##### Data
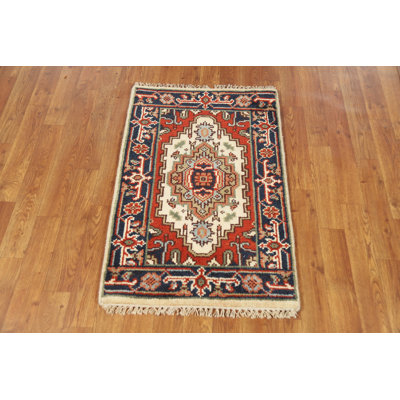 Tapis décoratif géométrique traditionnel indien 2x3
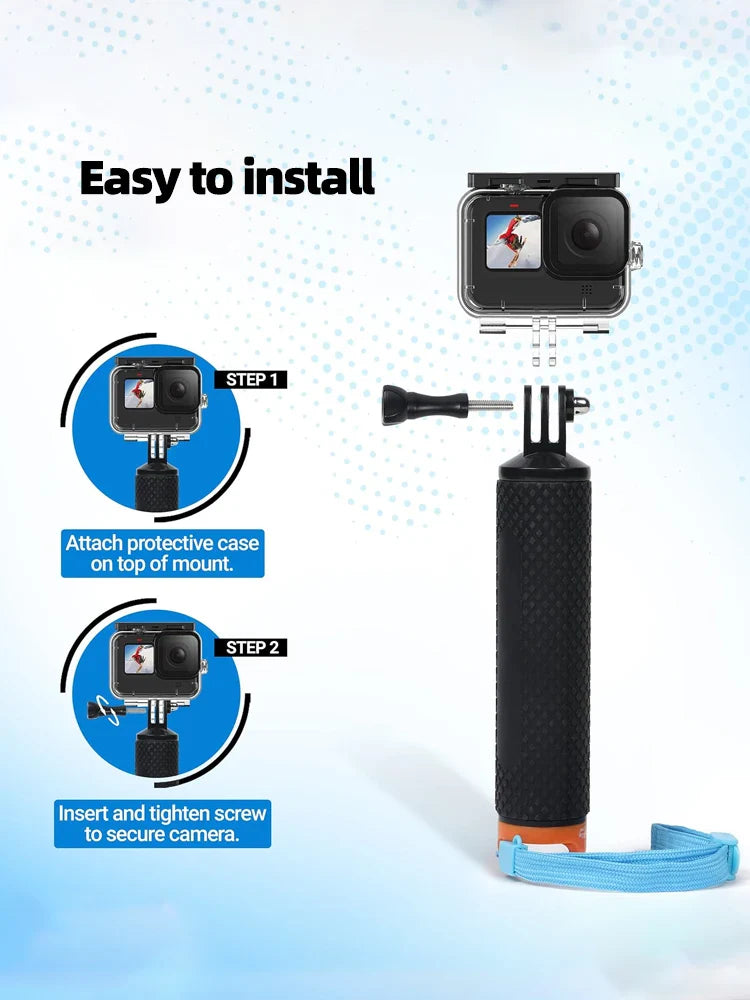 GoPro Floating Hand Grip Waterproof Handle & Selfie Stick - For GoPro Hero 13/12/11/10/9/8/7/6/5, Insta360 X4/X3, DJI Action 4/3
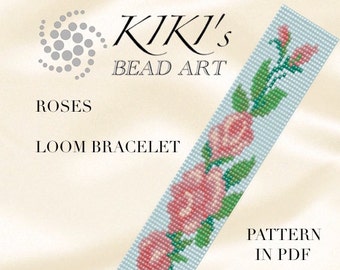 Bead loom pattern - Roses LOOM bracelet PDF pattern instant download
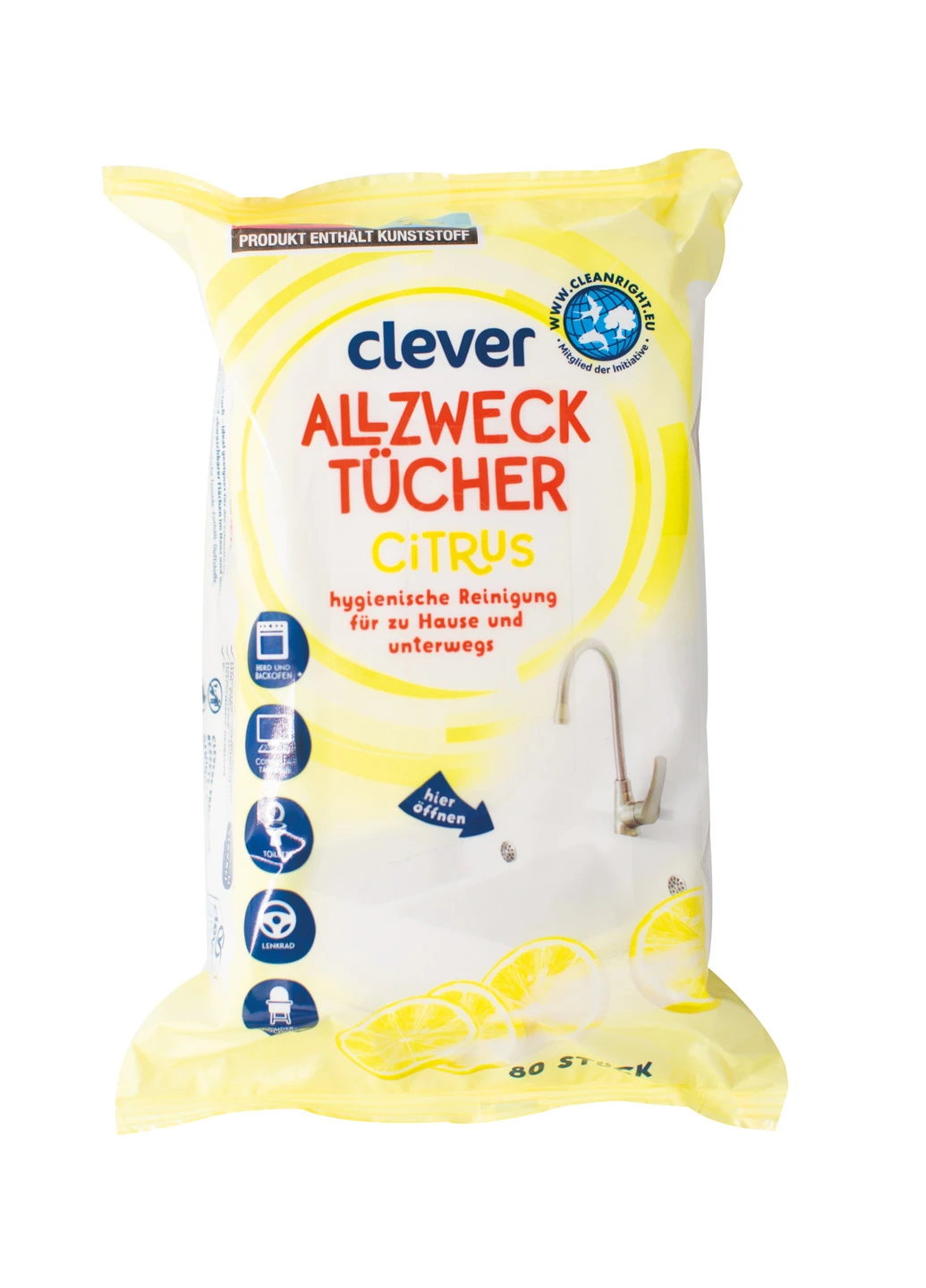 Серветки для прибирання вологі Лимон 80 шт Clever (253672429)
##########
(Work order):
Leaving the pictures aside, repeat the data above exactly.

(Expected output):
 Tapis décoratif géométrique traditionnel indien 2x3
 GoPro Floating Hand Grip Waterproof Handle & Selfie Stick - For GoPro Hero 13/12/11/10/9/8/7/6/5, Insta360 X4/X3, DJI Action 4/3
 Bead loom pattern - Roses LOOM bracelet PDF pattern instant download
 Серветки для прибирання вологі Лимон 80 шт Clever (253672429)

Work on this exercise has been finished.